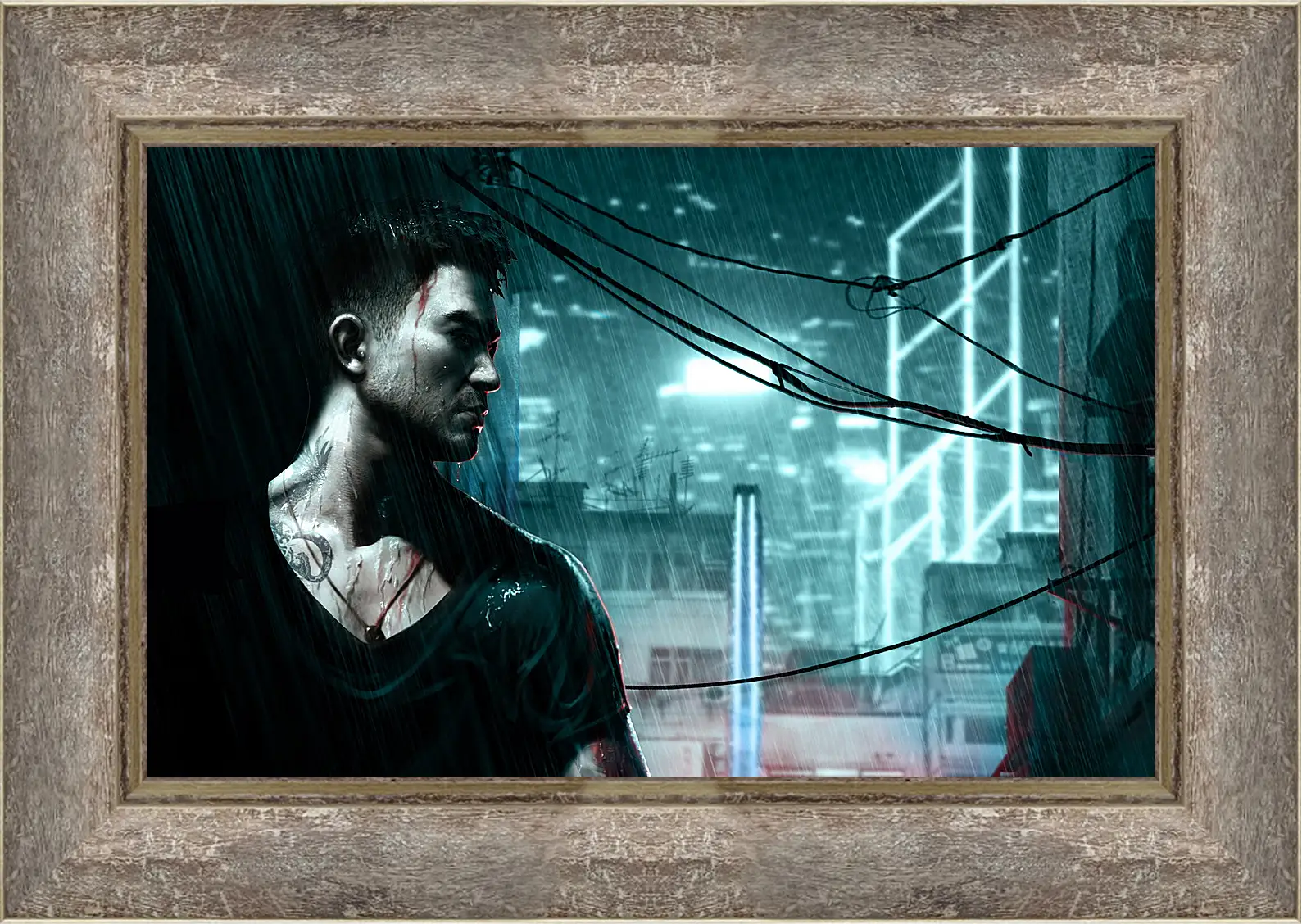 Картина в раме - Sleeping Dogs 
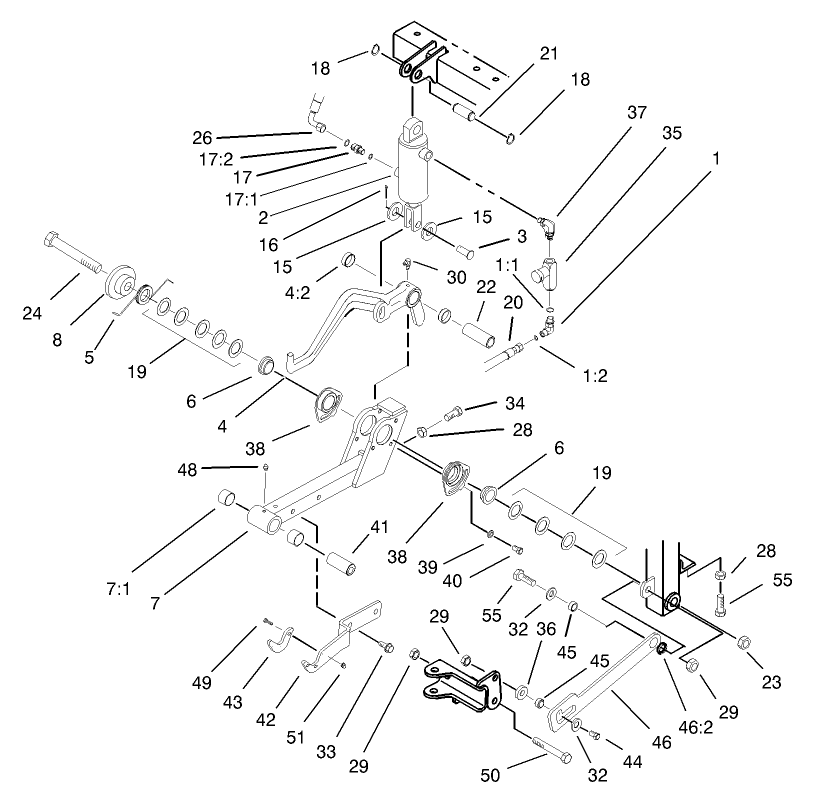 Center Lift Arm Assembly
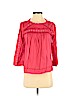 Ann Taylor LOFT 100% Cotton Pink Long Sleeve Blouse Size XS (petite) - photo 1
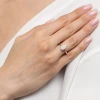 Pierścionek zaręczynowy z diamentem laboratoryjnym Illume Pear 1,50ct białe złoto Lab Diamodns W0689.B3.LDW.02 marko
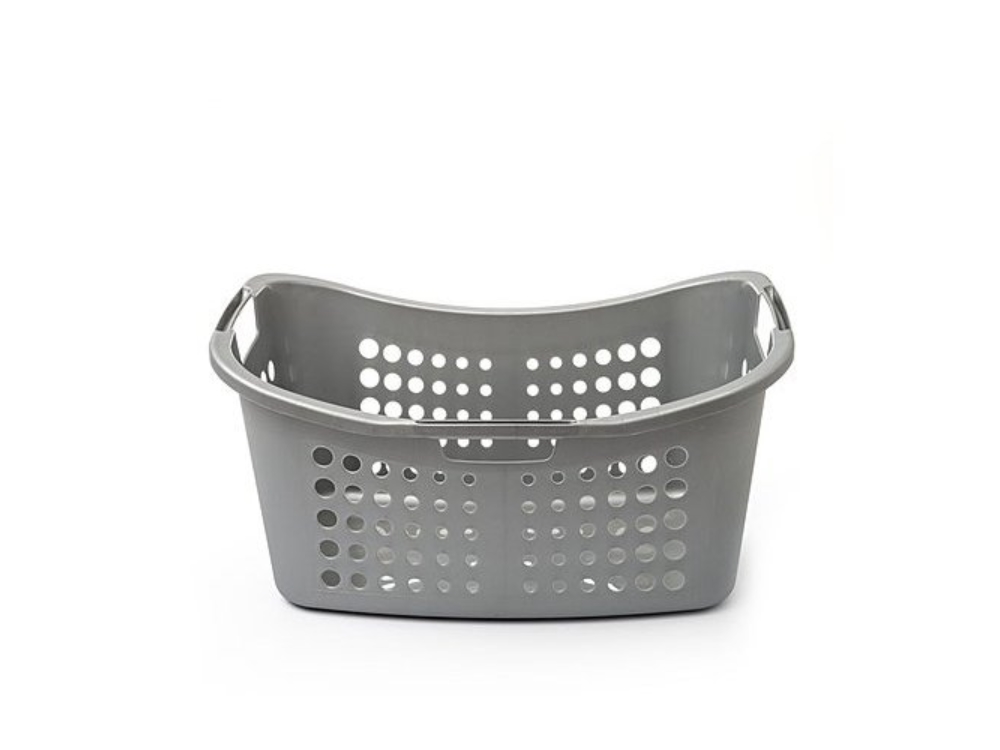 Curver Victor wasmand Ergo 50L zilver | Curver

# [What is required]
An exact copy is needed of the lines running from the one containing "Pierścionek zaręczynowy z" through the last line of the material, and of no others; pictures stay out.

# [Exercise result]
 Pierścionek zaręczynowy z diamentem laboratoryjnym Illume Pear 1,50ct białe złoto Lab Diamodns W0689.B3.LDW.02 marko
 Curver Victor wasmand Ergo 50L zilver | Curver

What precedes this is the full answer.